Sturgill Simpson @ St Pancras Old Church, London 21.02.14

Country troubadour on swaggering form live in London

Feb 21st, 2014 at St Pancras Old Church, London / By Lewie Peckham
Sturgill Simpson There is a lot the surroundings of the Old Church at St Pancras can add to a performance. Tucked away from the masses leaving or returning to the capital in the train station just five minutes away, the low lighting, candles and sparse intimacy of the rustic church provide a welcoming haven from the busy Friday night crowds invading the area for end of work drinks, letting off steam in the many bars scattered nearby.

Tonight's performance by Sturgill Simpson is a more stripped-down affair than the music contained on his Loose Music debut High Top Mountain (which was released on the label this past Monday). The lashings of pedal steel and country swagger replaced by something more redemptive as Simpson, alone onstage with only his acoustic guitar for company, keeps the audience in a reverence that fits in with the dimly lit moodiness of tonight's church-cum-venue.

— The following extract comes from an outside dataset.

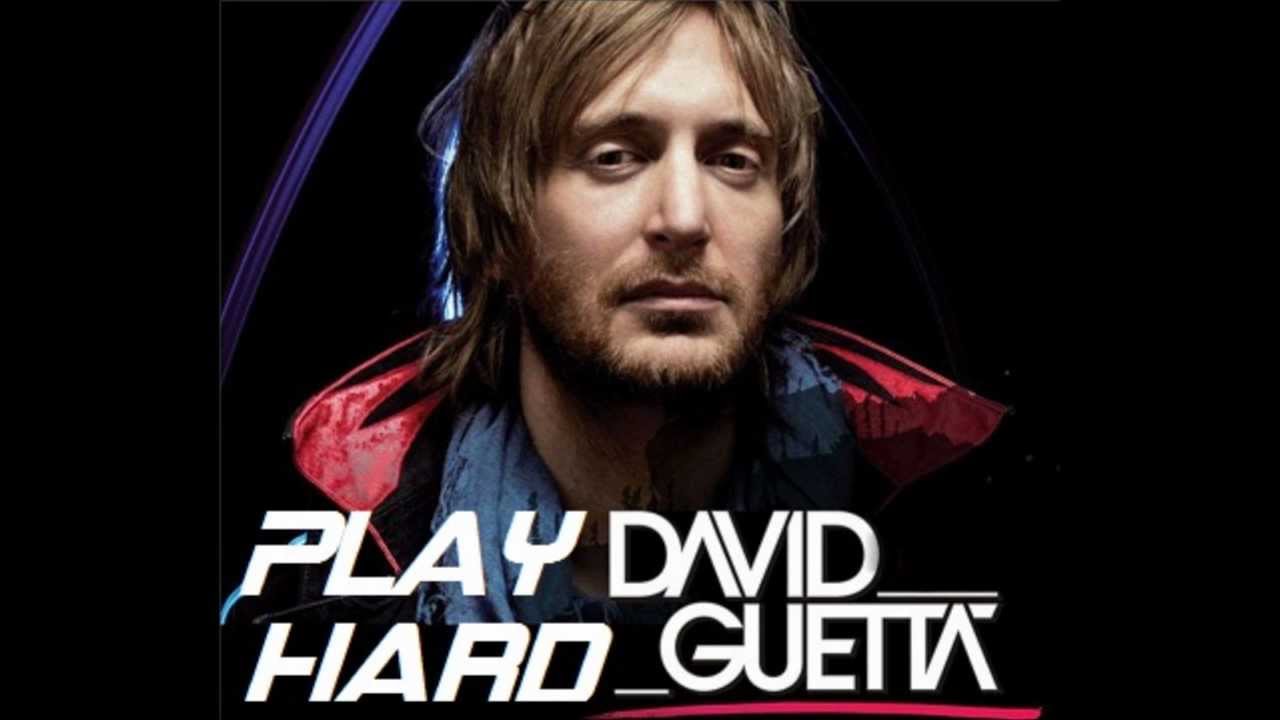 David Guetta & Ne-Yo vs Viduta & Dimixer - Play Hard (DJ Kapuzen & DJ Gladiator Mashup)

Sturgill Simpson’s country & western is a million miles and dusty roadside bars away from the gloss of CMT and prime-time TV drama's perpetuation of the soft rock version of country music. His sound and songs are indebted to the Waylon’s and Hank’s and all the other road dogs who made a living travelling throughout the dive bars and highways of the US plying their trade of outlaw country and shitkicker attitude. The twang of ‘You Can Have the Crown’ and ‘Life Ain’t Fair and The World is Mean’ are given a spirit and vitality from the percussive rhythmic guitar playing and Simpson’s booming voice.

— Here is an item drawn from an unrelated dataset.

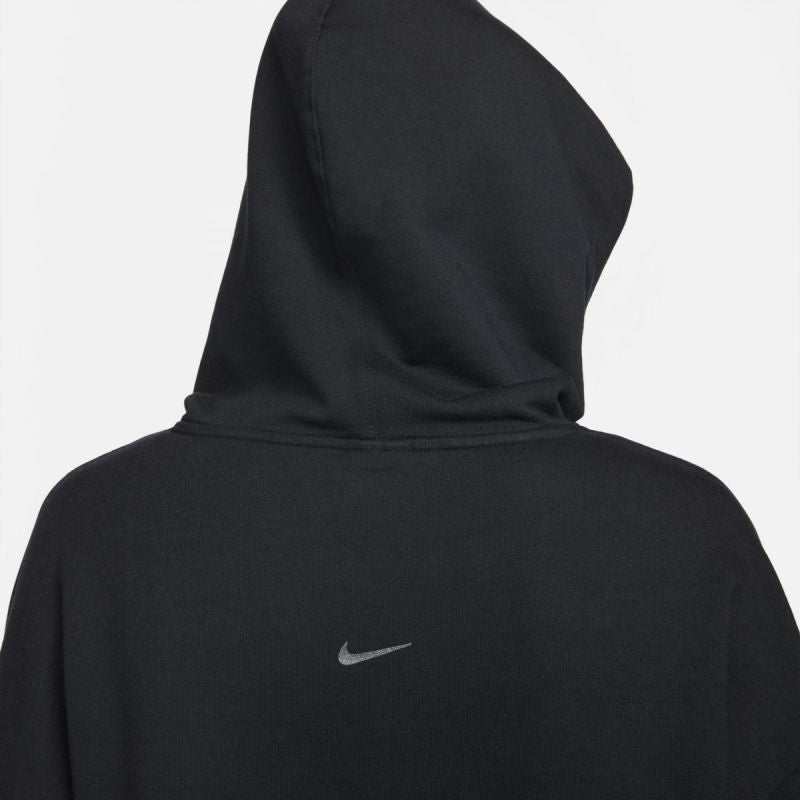 Nike Yoga Luxe Sweatshirt W DM6981-010 Clothing/Training Nike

And what a voice it is. Sometimes a melodic drawl, sometimes so loud it doesn't even need the microphone placed in front of it. That big, rich southern tone capable of reducing tonight's audience to a devoted hush as he belts out heartbreakers like ‘The Well’ and the autobiographical song ‘Old King Coal’, the latter a slow ballad which Simpson sings about how the loss of the Coal Mining industry affected generations of his family and his hometown in Kentucky. Its moments like these which leave the hairs on the back of your neck permanently raised. In between his own songs, Sturgill Simpson slips in covers of Neil Diamond’s ‘Red Red Wine’ and Roy Orbison’s ‘Crying’ which are devastating in their beauty, the simplicity of Simpson’s soaring vocals over those sorrowful chords renders the whole crowd open mouthed in astonishment at the emotional weight of his take on two of popular music’s most heartfelt ballads.

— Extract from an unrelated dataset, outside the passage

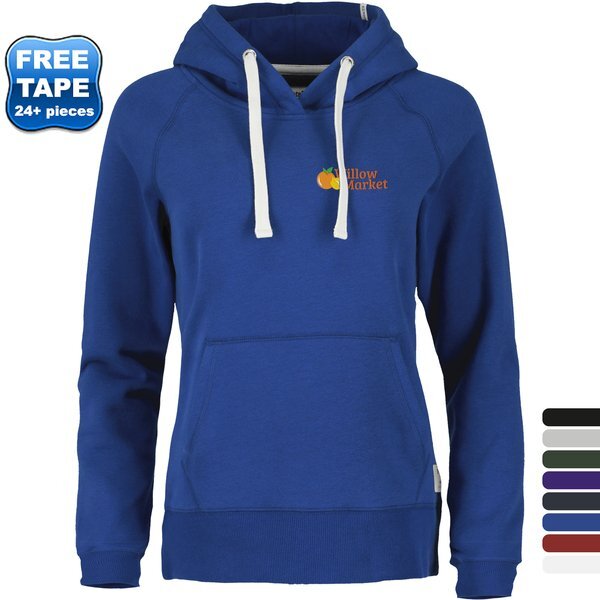 Roots73® Maplegrove Men's Fleece Hoodie Sweatshirt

Between songs the singer tells the crowd about his home, how there are literally towns full of people who all write songs and play music either semi-professionally or just occasionally because of a basic need to share music. Out of these towns or cities and the unknown storytellers which reside in them London was lucky enough to witness one of the South’s, and maybe country music’s most essential new troubadours.